Find all positive integers n such that $\phi(n) |n$

I find $n=2^k ,2^k ×3^j$ is answer ,I can't find another answers.

HINT: Use the following fact-

For any positive integer $n$ with prime factorisation $$n=\prod_i^k p_i^{a_i}$$ where $p_i$'s are the prime factors of $n$, $$\phi(n)=n\prod_i^k\left(1-\frac{1}{p_i}\right)$$ $$=\prod_i^k p_i^{a_i-1}\left(p_i-1\right)$$

So, since you have $\phi(n)|n$, the required condition is $$\color{red}{\prod_i^k \left(p_i-1\right)|\prod_i^k p_i}$$

• I know it ,I can't use it and find all answer – amir bahadory Dec 30 '15 at 11:28
• @amirbahadory I have added 1 point. Can you use it now? – SchrodingersCat Dec 30 '15 at 11:32
• @amirbahadory Assume that some $p_i>3$ occurs. Then the factor $p_i-1$ on the left is either a power of $2$ and hence a multiple of $4$, or it is divisible by an odd prime $q<p_i$. In the latter case, $q$ is among the prime factors, hence the even number $q-1$ occurs on the left. Hence in both cases the left hand side is a multiple of $4$, but the right hand side is not. – Hagen von Eitzen Dec 30 '15 at 11:46
• @SchrodingersCat, Thanks – amir bahadory Dec 30 '15 at 11:59
• @amirbahadory You're welcome. Have you got all the solutions? – SchrodingersCat Dec 30 '15 at 12:00

Using the formula for $\phi (n)$ as pointed out be @ScrondingersCat,

the $\phi (n) |n$ is equivalent to

$s=(p_1-1)(p_2-1)....(p_k-1)|p_1p_2p_3.....p_k=t$

Assume WLOG $p_1=2$ (else $t$ is odd which is not possible except when $n=1$

Since, we must have $v_2(s) \leq v_2(t)=1$.

So, $v_2(s)=1$ which gives $k=2$ or $v_2(s)=0$ which gives $n=2^m$

Now,for $k=2$ we have $p_2-1|2p_2$. So, $p_2=3$

So, $n=2^m3^j$

• What is $v(a)$ ? – amir bahadory Dec 30 '15 at 11:43
• @amirbahadory, $v_2(a)$ means highest power of 2 in a (highest power of 2 that divides.
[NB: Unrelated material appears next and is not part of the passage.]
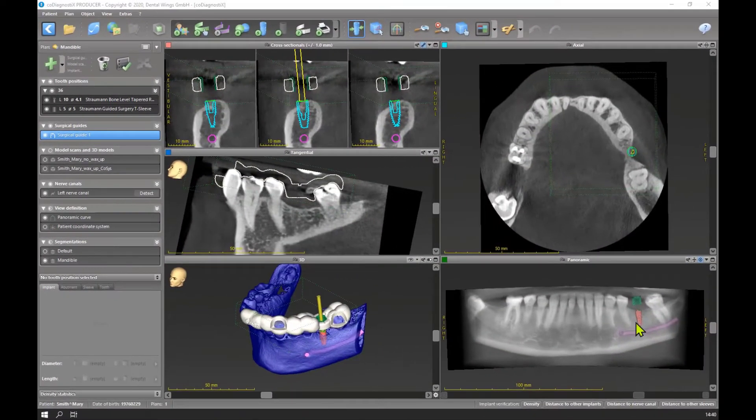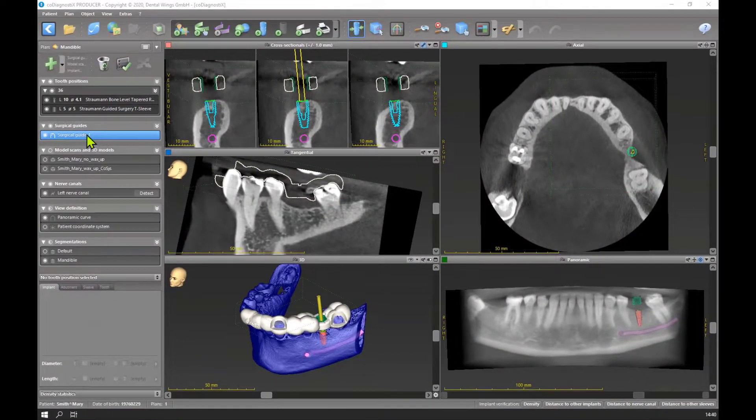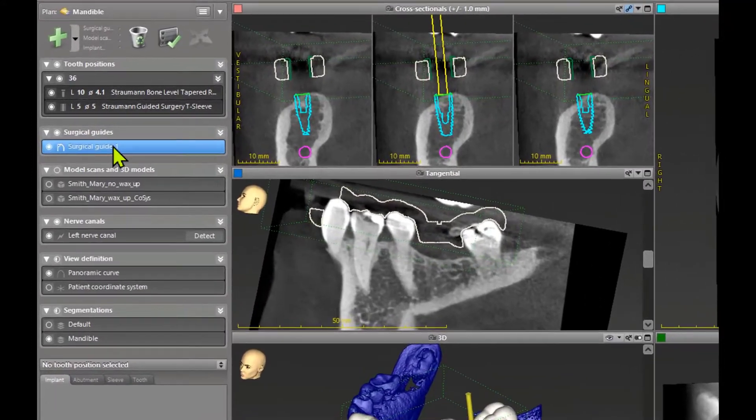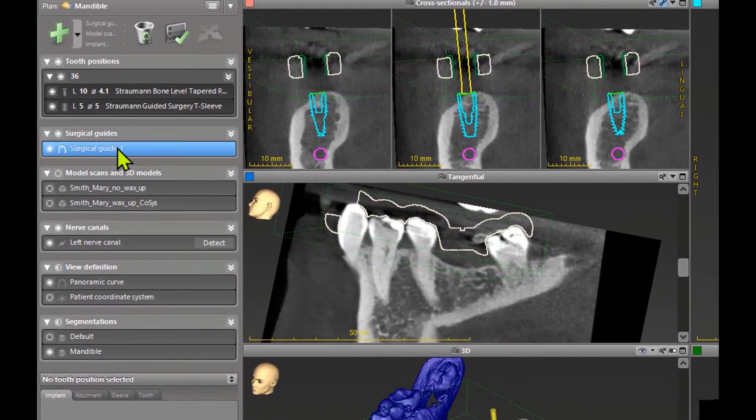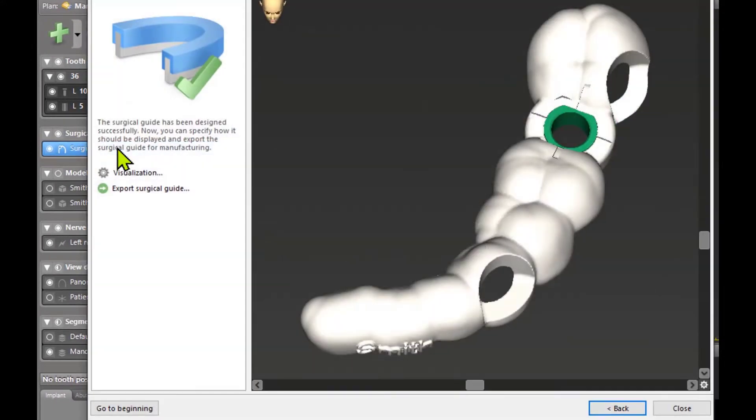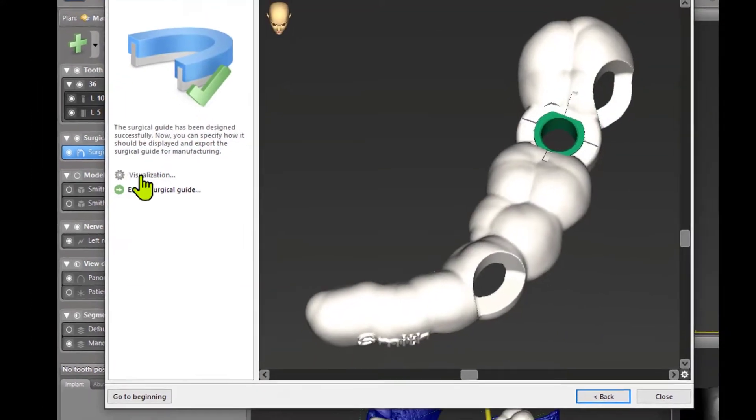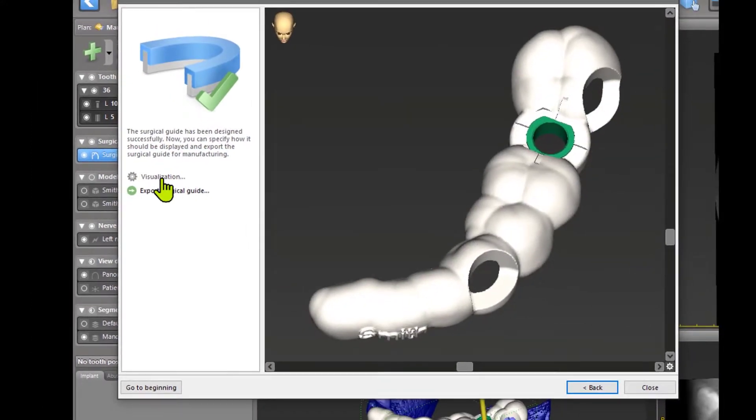This topic is not necessary for planning, but if you want to know a little bit more about your surgical guide, you can double-click on it and you see the visualization button.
It is the standard notation. – Subham Jaiswal Dec 30 '15 at 11:44
• Please don't use the same symbol, $k$, for the number of prime factors of $n$ and for $v_2(n)$. – A.P. Dec 30 '15 at 11:51
• @A.P. , Thanks for pointing out. – Subham Jaiswal Dec 30 '15 at 12:12

$n=1$ is a solution. If $n\ge 2$, then let $n=p_1^{\alpha_1}p_2^{\alpha_2}\cdots p_k^{\alpha_k}$ be the unique prime factorization of $n$ with $p_1<p_2<\cdots < p_k$ and $\alpha_1,\alpha_2,\ldots,\alpha_k\ge 1$.

$$\phi(n)=p_1^{\alpha_1-1}p_2^{\alpha_2-1}\cdots p_k^{\alpha_k-1}(p_1-1)(p_2-1)\cdots (p_k-1)$$

$$\phi(n)\mid n\iff \frac{p_1p_2\cdots p_k}{(p_1-1)(p_2-1)\cdots (p_k-1)}\in\mathbb Z$$

If $k=1$, then $p_1-1\mid p_1$, so $p_1-1\mid p_1-(p_1-1)=1$, so $p_1=2$ and $n=2^{\alpha_1}$, which is a solution for all $\alpha_1\in\mathbb Z^+$.

If $k\ge 3$, then the denominator is divisible by $4$ but the numerator is not.

If $k=2$, then $(p_1-1)(p_2-1)\mid p_1p_2$. Also $\gcd(p_2-1,p_2)=1$ and $p_2-1>1$, so $p_2-1=p_1$, so $p_2=3$, $p_1=2$, so $n=2^{\alpha_1} 3^{\alpha_2}$, which is a solution for all $\alpha_1,\alpha_2\in\mathbb Z^+$.